= Jack E. Lee =

Jack E. Lee (May 29, 1936 - July 30, 2009) was a track, baseball, and wrestling public address announcer, from the 1960s through the 1990s.

Lee is primarily known for calling several major harness races at the now-defunct Roosevelt Raceway on Long Island (Westbury, NY) in the 1970s and 1980s, and is considered by many to be the "Golden Voice" of that era in harness racing. In addition to his stint as the track announcer at Roosevelt Raceway (1968–1985) and Freehold Raceway (1966, 1990–1998), Lee also called quarter horse races at Suffolk (Parr) Meadows on Long Island from 1986-1987. In addition to Roosevelt, Lee occasionally substituted for Bob Meyer at Yonkers Raceway.

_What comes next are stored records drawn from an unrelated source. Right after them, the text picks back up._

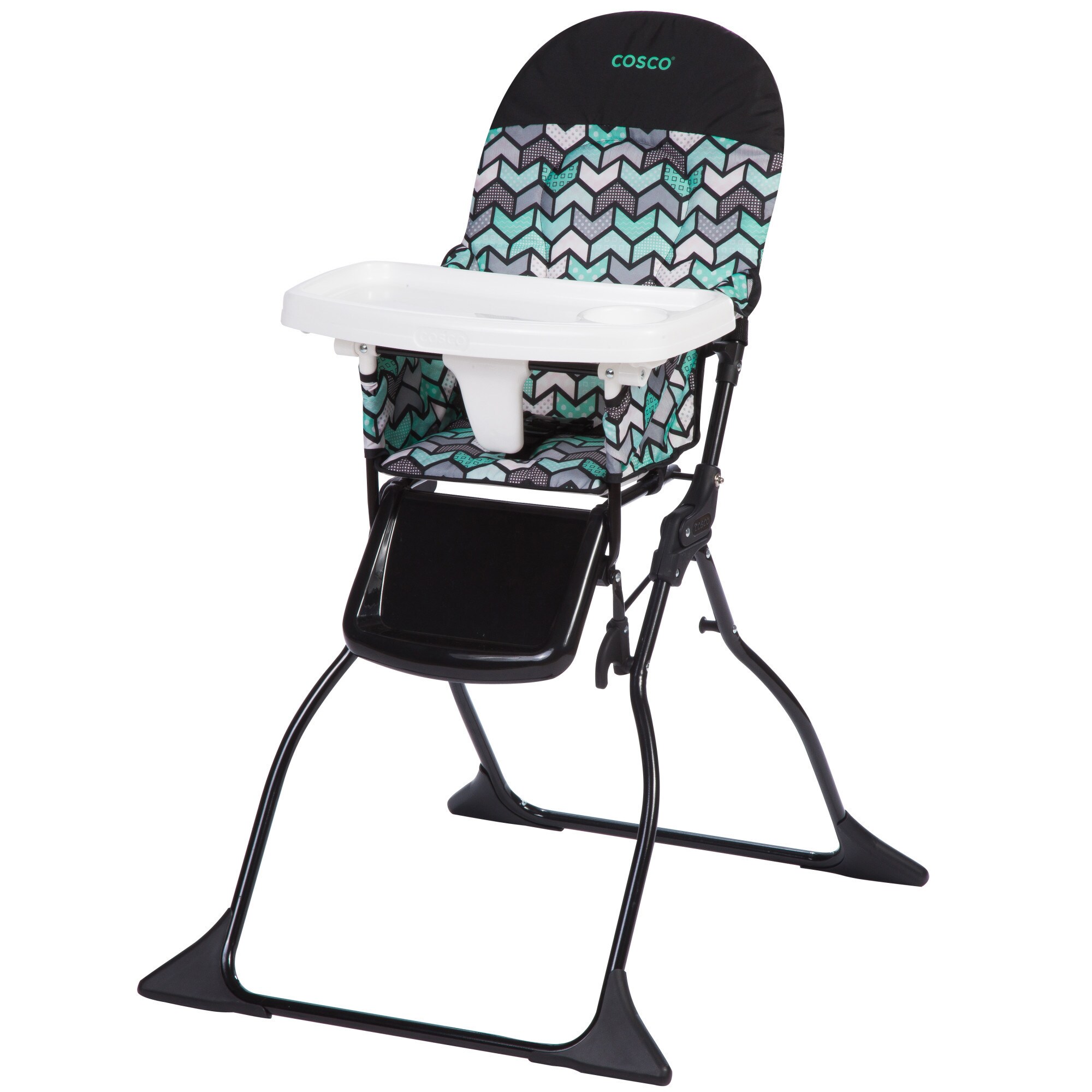 cosco kids simple fold high chair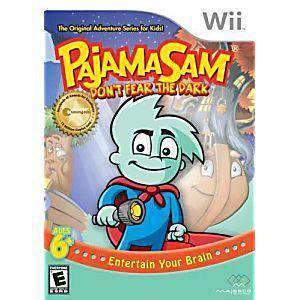Pajama Sam in Don't Fear the Dark - Wii Game | Retrolio Games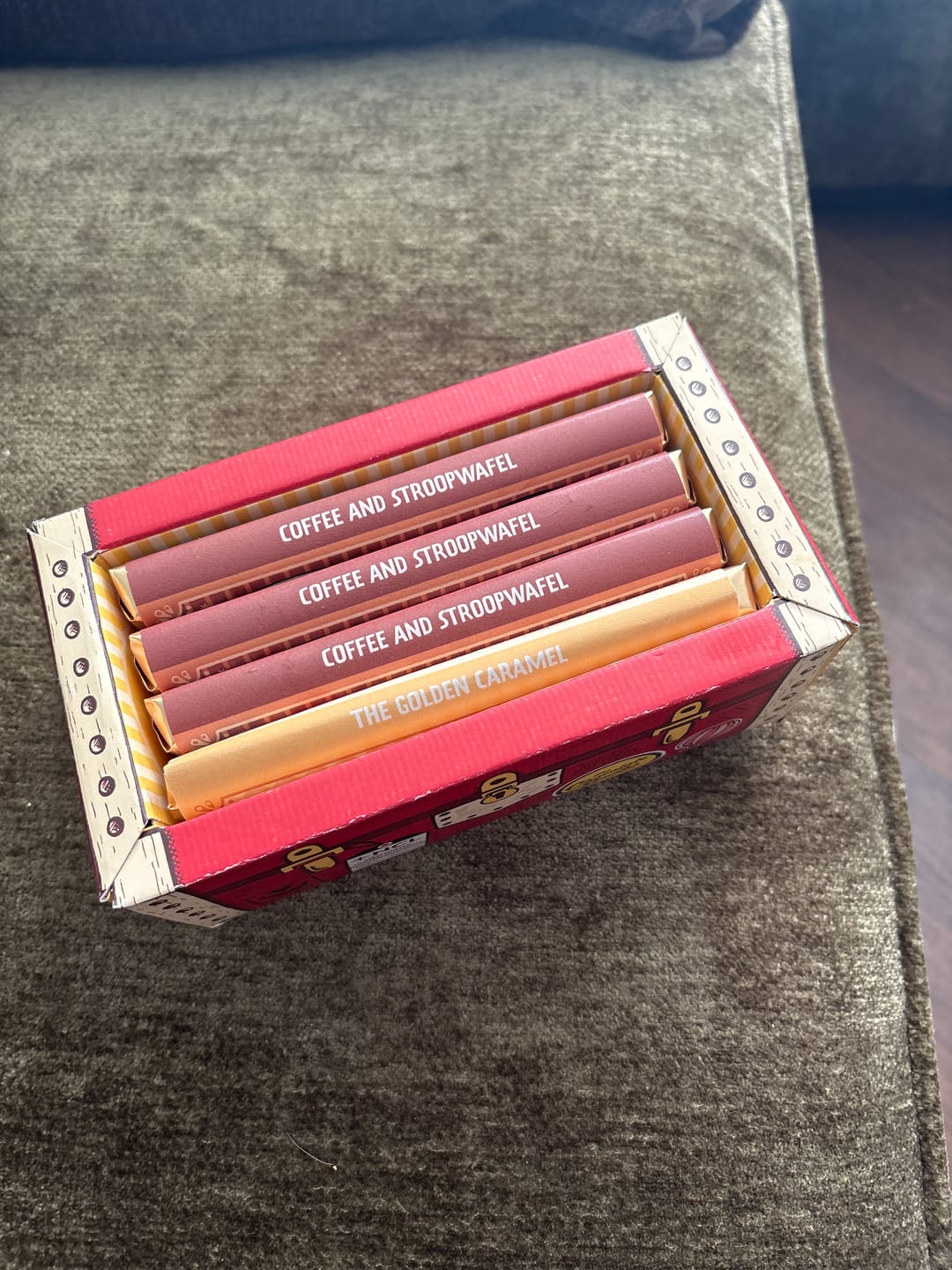 Customer photo review of Coffee and Stroopwafel Bizarre Bar 145g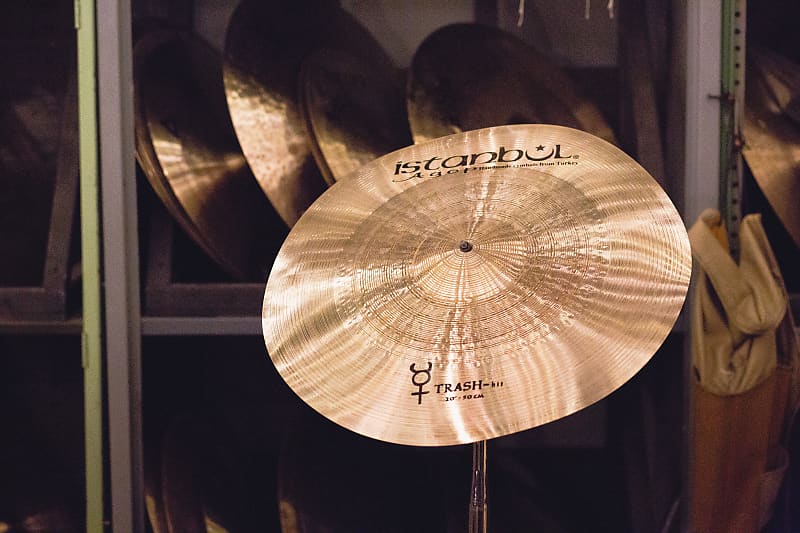 Istanbul Agop Traditional Trash Hit 20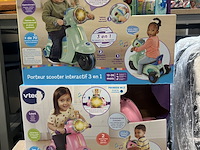 2x 2-in-1/3-in-1 loopscooter vtech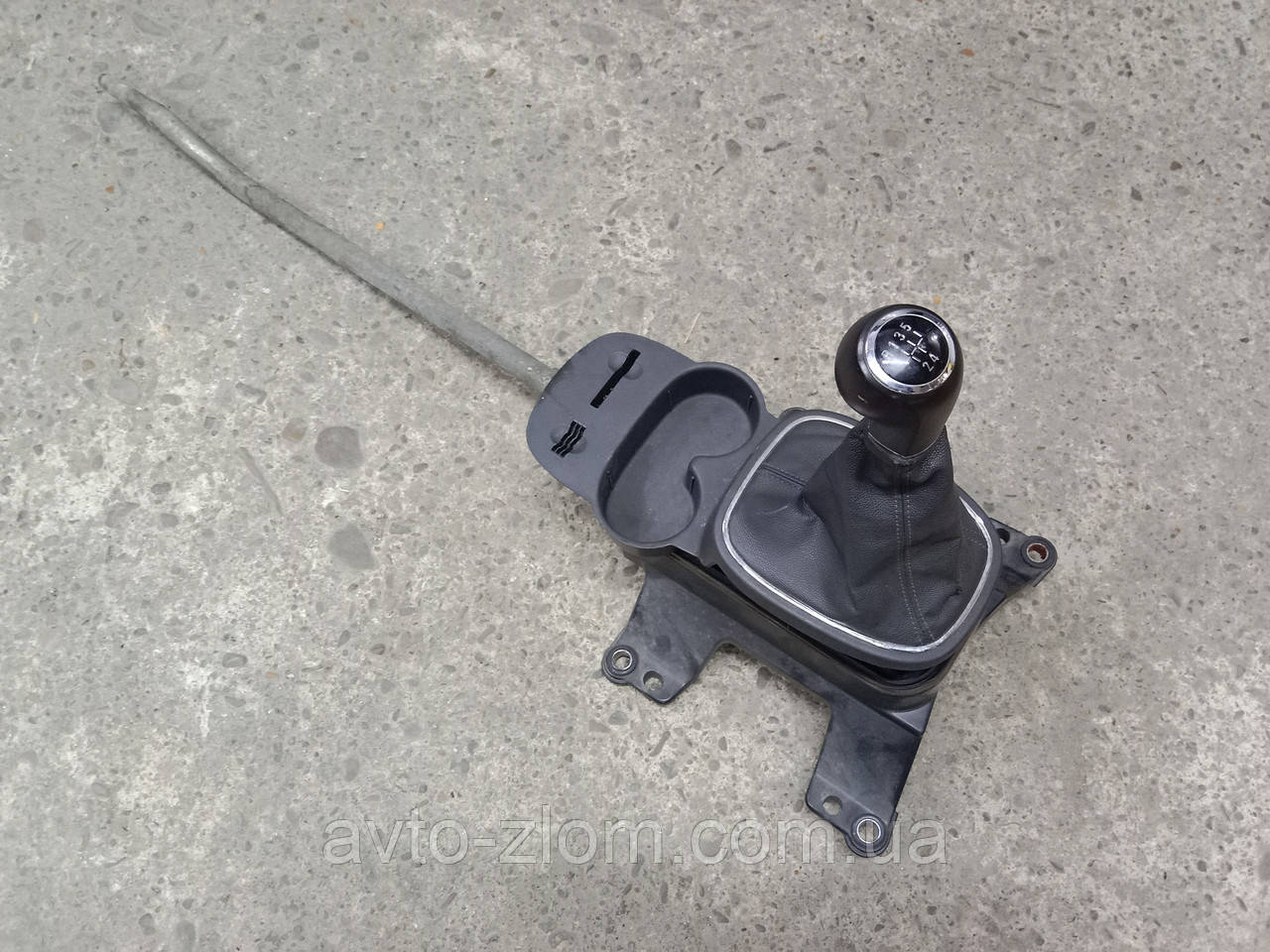 Кулиса, рычаг переключения Opel Corsa D. Опель Корса Д. 009123011. (ID ...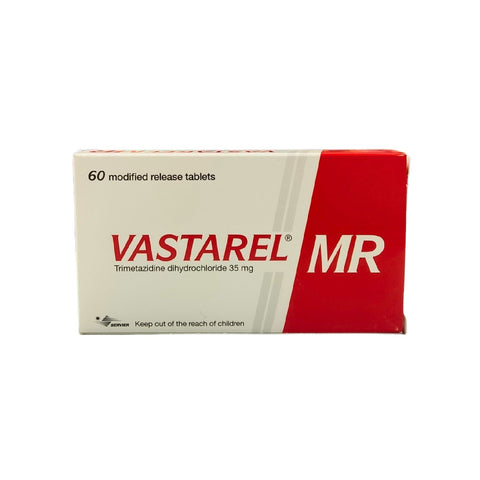 Vastarel Mr 35Mg-30 Tabs- Anti-Anginal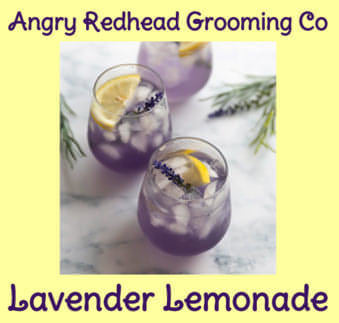 Lavender Lemonade Shaving Lotion by Angry Redhead Grooming Co - angryredheadgrooming.com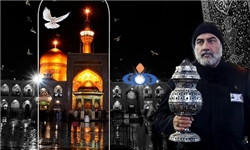 (تصاویر) چهرههای معروف خادم امام رضا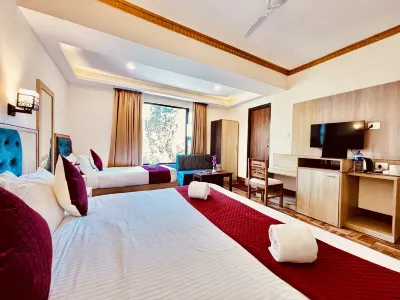 Kunden Fortune Resort Gangtok Near MG Marg Hotels near View point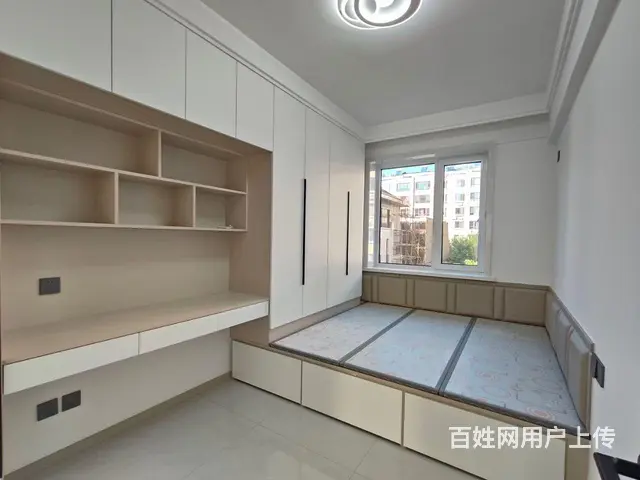 首付8万山水鑫苑89平精装未住两室通厅 - 图片 8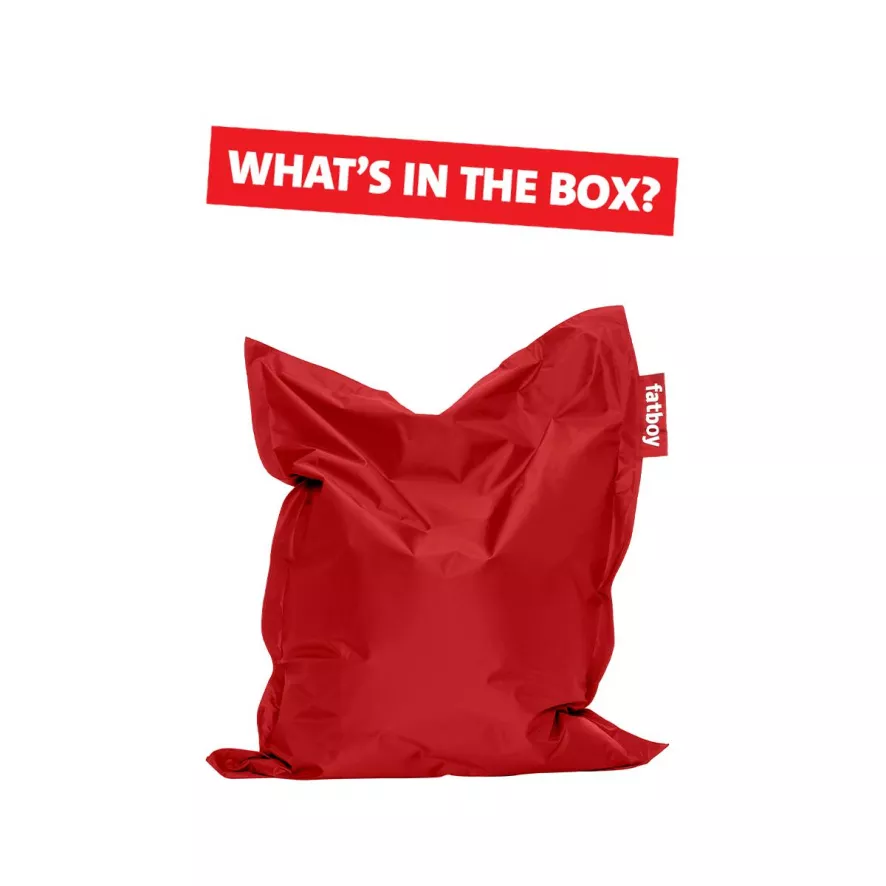 Fatboy Junior Zitzak Blauw - Afbeelding 13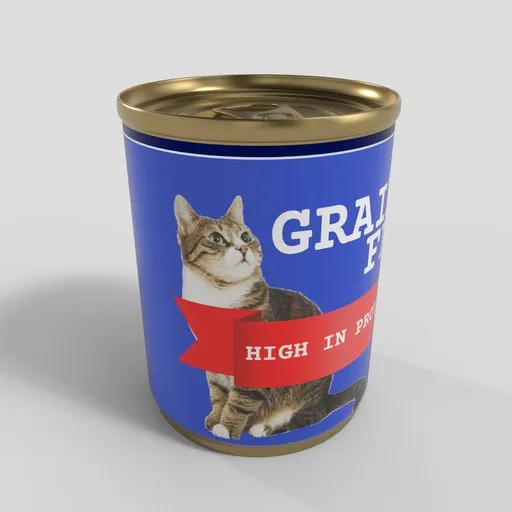 Cat Food Can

Known for having a mellow voice and a descriptive style of announcing, Lee was considered by many to be the top racecaller in all of harness racing during the 1970s and 1980s. His calls were heard nationwide on the superstation WOR-TV, where he co-hosted the show "Racing from Roosevelt" with Stan Bergstein and Dave Johnson (and later on Spencer Ross).

Aside from his horse racing duties, Lee was also the first PA announcer for the New York Mets, from their inception in 1962 at the Polo Grounds, and later at Shea Stadium, through August 1966. In addition, for a time in the 1970s, he was the ring announcer for the World Wide Wrestling Federation at Madison Square Garden.

==Personal life==
Jack E. Lee died on July 30, 2009. Lee was retired, living in Florida.

Lee's son Randy has worked as an announcer for horse races in Florida.